In the operation according to the present invention, the following data is obtained regarding the pressure difference between the points "a" and "b".

The damper 25 was regulated to set the difference as "10 mm Aq" at the detector 22 with aiming to maintain the pressure values of "a" and "b" as ".sup.35 0 mm Aq" and "-10 mm Aq", respectively and to control the pressure variation at the point "a" within the range of "-10 mm Aq.about.+10 mm Aq". According to the observation in this example, the pressure at the point "b" well followed the variation of the pressure at the point "a" to the extent between "-20 mm Aq .about. 0 mm Aq".

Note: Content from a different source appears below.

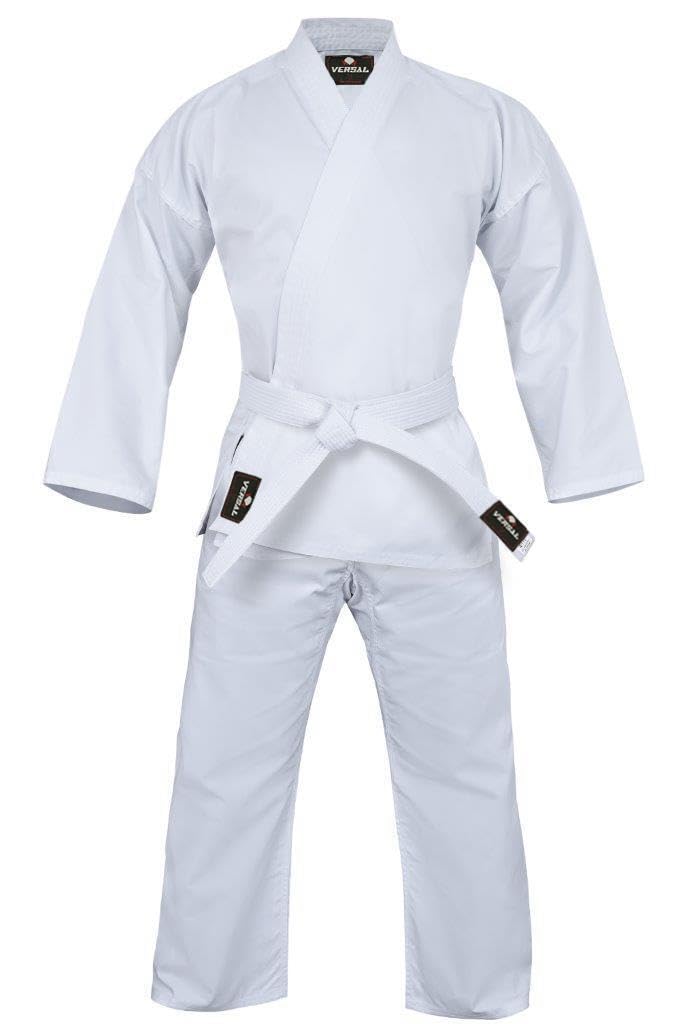 VERSAL Karate Gi - Uniforme de karate para niños y adultos, traje de karate blanco para estudiantes, 8 onzas, ligero, polialgodón, artes marciales, entrenamiento, taekwondo, uniforme con cinturón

The invention has been explained in detail with reference to the particular embodiment presented. However, it is noted that the invention may be modified within the spirit and scope of the invention which will be defined in the appended claims.

Claims

1. An apparatus for cooling hot pellets with water, which comprises the combination of

a. a furnace for producing the hot pellets and having a discharge opening for the hot pellets,

b. a discharge chute for the hot pellets, one end of the chute being coupled to the discharge opening and the discharge chute being shielded from the air so as to maintain a non-oxidizing atmosphere in the chute,

c. a cooling bath containing cooling water, the other end of the discharge chute being in communication with the cooling bath whereby the hot pellets are received in the cooling bath from the discharge opening of the furnace through the shielded chute, cooling of the hot pellets in the cooling bath generating vapor,

d. a hood mounted over and covering the cooling bath for gathering the vapor,

e. a gate means at the other end of the discharge chute and arranged to prevent substantial entry of vapor and air from the hood into the chute,

f. an exhaust duct connected to the hood for discharging the vapor therefrom,

g. a regulating damper coupled with the exhaust duct for regulating the amount of vapor and air to be exhausted from the hood through the duct,

h. a means for detecting pressure difference between the chute and the hood, and

i. a means for actuating the damper so as to maintain the pressure in the hood lower than that in the chute in response to the pressure difference detecting means.

2. The apparatus of claim 1, further comprising a cooling fan arranged to receive the vapor from the exhaust duct and to blow the vapor and fresh air towards the discharge opening of the furnace to cool the discharge opening.

3. The apparatus of claim 1, further comprising water spray means arranged to direct a water spray into the hood.

4. The apparatus of claim 1, wherein the pressure difference detecting means comprises a first pressure sensing means for sensing the pressure within the chute, a second pressure sensing means for sensing the pressure within the hood, and means for comparing the sensed pressures and for transmitting a resultant comparison signal to the actuating means for the damper.

5. The apparatus of claim 1, further comprising a dust collector disposed in the exhaust duct for returning the collected dust to the cooling bath.

6. The apparatus of claim 1, further comprising a grating means in the other end of the chute for eliminating clinkers discharged from the furnace with the pellets.